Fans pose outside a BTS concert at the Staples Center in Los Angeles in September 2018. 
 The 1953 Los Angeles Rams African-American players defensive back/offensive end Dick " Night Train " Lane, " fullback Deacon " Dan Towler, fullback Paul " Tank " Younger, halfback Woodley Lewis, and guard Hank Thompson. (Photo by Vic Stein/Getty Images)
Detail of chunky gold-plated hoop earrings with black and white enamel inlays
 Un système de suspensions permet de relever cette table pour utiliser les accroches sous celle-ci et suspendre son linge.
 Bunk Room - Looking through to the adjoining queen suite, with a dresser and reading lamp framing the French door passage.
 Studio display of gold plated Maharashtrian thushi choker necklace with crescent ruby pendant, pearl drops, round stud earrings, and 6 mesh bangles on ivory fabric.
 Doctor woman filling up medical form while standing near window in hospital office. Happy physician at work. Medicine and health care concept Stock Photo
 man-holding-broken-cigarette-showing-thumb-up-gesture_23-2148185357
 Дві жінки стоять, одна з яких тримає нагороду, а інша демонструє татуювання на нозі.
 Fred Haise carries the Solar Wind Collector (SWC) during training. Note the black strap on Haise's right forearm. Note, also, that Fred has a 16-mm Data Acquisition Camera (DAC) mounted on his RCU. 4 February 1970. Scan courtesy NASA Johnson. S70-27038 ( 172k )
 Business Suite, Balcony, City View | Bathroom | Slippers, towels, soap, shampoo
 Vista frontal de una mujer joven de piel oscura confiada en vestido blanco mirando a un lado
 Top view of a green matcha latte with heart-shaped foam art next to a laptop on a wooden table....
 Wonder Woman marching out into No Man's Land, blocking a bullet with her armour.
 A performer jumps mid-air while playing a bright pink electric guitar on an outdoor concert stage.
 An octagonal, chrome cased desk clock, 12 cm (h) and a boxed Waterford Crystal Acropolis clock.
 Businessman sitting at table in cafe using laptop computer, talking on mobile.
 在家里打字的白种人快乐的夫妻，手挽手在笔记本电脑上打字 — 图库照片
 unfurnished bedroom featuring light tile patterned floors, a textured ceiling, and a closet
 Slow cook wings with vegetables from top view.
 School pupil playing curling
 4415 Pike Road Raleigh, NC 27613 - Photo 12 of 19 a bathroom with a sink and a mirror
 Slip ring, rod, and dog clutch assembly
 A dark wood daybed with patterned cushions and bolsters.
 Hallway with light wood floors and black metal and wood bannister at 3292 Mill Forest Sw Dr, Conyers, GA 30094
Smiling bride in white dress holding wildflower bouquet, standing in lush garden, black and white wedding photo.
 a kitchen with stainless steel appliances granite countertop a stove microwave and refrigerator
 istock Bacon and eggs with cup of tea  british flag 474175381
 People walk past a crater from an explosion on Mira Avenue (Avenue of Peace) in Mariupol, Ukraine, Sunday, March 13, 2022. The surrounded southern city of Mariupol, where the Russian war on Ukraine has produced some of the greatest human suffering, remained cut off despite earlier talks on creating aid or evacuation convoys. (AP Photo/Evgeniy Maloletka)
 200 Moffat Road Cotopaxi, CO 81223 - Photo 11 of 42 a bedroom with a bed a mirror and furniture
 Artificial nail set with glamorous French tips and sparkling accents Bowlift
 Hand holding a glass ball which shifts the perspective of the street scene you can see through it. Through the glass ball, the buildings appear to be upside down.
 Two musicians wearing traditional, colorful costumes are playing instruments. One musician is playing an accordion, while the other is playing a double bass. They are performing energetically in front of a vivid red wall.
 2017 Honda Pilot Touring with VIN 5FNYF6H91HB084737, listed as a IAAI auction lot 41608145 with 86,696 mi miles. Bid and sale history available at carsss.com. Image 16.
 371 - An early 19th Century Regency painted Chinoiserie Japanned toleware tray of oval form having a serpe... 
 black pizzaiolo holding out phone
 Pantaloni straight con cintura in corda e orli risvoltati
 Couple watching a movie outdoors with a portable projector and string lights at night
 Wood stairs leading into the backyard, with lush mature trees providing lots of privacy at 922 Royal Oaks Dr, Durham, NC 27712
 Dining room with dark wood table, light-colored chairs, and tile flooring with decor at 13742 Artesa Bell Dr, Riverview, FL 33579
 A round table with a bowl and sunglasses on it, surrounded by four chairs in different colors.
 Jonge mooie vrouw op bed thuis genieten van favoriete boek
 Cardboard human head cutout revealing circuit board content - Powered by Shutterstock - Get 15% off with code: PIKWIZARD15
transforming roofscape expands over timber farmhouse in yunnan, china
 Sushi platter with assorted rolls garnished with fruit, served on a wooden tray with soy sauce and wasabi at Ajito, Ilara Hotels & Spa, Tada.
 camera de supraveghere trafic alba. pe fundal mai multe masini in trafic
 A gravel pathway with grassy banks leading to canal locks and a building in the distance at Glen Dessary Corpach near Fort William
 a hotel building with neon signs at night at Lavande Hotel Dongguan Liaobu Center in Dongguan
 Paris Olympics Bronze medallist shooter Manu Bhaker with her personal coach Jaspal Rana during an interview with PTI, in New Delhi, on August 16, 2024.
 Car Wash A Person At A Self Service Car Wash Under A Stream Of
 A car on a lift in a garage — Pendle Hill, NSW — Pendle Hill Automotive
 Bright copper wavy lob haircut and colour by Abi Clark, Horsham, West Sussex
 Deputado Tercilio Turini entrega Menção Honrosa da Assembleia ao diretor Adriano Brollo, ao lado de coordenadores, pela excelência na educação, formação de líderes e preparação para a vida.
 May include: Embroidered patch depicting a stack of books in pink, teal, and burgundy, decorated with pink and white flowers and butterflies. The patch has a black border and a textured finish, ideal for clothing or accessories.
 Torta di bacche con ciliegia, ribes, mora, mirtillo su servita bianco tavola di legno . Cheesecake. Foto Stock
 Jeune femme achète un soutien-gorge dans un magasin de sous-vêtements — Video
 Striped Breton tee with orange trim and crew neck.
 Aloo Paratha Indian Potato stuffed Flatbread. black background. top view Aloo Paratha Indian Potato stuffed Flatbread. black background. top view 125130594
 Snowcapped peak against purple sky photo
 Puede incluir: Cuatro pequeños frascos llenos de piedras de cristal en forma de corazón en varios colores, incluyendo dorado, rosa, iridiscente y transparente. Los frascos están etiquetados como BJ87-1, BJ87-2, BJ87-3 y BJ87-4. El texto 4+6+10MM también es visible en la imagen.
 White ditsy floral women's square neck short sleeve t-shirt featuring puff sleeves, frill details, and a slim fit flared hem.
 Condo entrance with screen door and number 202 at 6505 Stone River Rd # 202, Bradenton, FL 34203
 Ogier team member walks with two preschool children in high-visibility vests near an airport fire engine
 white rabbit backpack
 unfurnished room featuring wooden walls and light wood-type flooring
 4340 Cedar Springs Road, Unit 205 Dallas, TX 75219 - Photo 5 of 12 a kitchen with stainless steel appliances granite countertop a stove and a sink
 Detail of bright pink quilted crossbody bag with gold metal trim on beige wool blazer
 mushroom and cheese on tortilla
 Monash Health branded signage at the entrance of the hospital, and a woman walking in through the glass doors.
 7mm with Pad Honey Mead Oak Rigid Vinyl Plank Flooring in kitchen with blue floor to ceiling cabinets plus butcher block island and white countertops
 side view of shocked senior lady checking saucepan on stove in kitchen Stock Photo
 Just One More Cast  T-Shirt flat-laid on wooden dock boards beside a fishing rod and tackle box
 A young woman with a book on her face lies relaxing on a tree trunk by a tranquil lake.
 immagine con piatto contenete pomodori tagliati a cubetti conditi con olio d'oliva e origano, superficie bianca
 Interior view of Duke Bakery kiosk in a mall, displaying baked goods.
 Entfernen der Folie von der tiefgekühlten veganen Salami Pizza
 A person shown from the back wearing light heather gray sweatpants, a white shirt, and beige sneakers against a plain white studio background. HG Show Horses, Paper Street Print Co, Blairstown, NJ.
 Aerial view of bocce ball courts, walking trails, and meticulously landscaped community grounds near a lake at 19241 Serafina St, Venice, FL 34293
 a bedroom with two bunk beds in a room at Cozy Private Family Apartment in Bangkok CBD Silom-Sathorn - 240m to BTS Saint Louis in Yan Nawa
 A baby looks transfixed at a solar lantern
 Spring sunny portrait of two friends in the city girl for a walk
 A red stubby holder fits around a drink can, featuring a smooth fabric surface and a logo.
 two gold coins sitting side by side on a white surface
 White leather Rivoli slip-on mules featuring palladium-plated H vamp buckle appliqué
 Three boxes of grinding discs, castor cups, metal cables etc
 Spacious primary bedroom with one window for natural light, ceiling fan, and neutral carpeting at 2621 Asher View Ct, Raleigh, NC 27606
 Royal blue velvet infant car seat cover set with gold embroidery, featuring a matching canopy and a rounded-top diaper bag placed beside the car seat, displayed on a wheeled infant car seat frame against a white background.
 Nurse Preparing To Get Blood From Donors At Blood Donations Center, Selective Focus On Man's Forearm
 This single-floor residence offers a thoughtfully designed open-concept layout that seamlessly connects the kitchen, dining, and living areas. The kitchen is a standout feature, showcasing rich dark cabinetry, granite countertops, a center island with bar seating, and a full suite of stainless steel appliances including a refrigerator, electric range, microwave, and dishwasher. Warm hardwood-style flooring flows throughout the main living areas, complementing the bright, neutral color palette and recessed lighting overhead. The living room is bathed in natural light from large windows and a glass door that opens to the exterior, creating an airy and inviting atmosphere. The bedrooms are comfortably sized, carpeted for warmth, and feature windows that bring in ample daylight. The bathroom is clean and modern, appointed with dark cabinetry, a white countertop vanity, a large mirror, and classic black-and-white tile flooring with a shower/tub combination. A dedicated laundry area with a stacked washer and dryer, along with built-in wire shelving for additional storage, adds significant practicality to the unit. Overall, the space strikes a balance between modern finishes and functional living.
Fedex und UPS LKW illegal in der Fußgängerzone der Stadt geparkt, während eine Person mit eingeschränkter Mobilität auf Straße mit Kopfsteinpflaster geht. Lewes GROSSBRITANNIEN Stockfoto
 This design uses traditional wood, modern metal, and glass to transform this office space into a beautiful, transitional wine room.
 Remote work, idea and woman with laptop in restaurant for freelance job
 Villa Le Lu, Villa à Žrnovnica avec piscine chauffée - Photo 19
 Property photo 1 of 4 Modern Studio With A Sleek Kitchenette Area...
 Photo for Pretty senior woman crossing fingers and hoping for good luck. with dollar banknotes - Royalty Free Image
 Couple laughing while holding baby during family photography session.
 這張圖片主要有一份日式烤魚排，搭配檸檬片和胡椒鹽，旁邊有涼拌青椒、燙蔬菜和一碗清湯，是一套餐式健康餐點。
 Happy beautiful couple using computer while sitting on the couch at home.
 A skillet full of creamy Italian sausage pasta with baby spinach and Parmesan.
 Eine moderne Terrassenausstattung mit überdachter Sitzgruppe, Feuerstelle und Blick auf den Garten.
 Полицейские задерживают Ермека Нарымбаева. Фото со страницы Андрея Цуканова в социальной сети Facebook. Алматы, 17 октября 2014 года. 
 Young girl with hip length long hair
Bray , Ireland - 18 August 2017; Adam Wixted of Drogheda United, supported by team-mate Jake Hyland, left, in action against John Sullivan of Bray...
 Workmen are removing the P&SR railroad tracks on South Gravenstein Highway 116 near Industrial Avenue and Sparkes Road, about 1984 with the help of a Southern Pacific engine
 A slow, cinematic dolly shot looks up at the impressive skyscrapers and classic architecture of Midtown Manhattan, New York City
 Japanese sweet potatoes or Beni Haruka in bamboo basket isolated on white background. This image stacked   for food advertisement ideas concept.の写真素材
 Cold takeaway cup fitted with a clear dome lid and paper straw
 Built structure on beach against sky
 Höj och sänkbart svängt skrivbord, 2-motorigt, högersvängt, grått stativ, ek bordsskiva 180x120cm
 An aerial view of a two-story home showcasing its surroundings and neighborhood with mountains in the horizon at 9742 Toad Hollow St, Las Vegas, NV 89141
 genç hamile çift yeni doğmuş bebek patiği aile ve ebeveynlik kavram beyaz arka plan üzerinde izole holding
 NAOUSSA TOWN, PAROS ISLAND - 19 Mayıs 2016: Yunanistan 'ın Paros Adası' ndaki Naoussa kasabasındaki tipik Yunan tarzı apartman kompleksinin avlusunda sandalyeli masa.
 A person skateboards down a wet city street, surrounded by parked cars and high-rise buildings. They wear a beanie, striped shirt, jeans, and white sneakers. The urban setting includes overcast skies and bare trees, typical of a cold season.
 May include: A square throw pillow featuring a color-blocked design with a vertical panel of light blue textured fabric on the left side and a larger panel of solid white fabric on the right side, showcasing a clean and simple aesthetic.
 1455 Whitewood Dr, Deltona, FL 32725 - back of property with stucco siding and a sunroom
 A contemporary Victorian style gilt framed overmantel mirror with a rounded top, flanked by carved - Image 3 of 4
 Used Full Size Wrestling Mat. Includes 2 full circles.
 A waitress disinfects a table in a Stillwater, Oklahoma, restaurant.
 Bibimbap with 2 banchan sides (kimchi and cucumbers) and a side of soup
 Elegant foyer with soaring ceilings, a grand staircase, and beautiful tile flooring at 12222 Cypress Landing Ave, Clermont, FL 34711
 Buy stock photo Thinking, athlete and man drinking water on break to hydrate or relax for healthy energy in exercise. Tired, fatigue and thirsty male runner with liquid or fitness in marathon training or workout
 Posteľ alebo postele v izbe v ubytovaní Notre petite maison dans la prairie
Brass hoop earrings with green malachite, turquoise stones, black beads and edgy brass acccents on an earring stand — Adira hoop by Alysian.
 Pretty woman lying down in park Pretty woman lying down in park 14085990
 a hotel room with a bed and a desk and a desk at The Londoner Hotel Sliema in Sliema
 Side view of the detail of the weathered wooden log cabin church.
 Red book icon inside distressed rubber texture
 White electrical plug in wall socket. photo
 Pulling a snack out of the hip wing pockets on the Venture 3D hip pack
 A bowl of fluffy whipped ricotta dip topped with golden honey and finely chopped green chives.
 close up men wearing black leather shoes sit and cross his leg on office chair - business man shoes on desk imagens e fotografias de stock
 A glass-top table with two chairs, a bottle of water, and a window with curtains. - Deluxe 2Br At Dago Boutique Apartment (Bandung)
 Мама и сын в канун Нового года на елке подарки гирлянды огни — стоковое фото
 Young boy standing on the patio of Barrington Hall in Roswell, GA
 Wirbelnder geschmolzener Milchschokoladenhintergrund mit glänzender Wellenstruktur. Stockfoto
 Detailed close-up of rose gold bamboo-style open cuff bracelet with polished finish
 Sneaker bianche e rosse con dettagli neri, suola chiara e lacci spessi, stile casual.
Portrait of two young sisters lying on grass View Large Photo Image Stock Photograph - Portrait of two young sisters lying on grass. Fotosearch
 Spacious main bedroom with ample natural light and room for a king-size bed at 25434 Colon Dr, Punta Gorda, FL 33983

» **ASSIGNED TASK**
Search the records for the string "Apartment" and return every line in which it occurs.

» **TASK RESPONSE**
 a bedroom with two bunk beds in a room at Cozy Private Family Apartment in Bangkok CBD Silom-Sathorn - 240m to BTS Saint Louis in Yan Nawa
 A glass-top table with two chairs, a bottle of water, and a window with curtains. - Deluxe 2Br At Dago Boutique Apartment (Bandung)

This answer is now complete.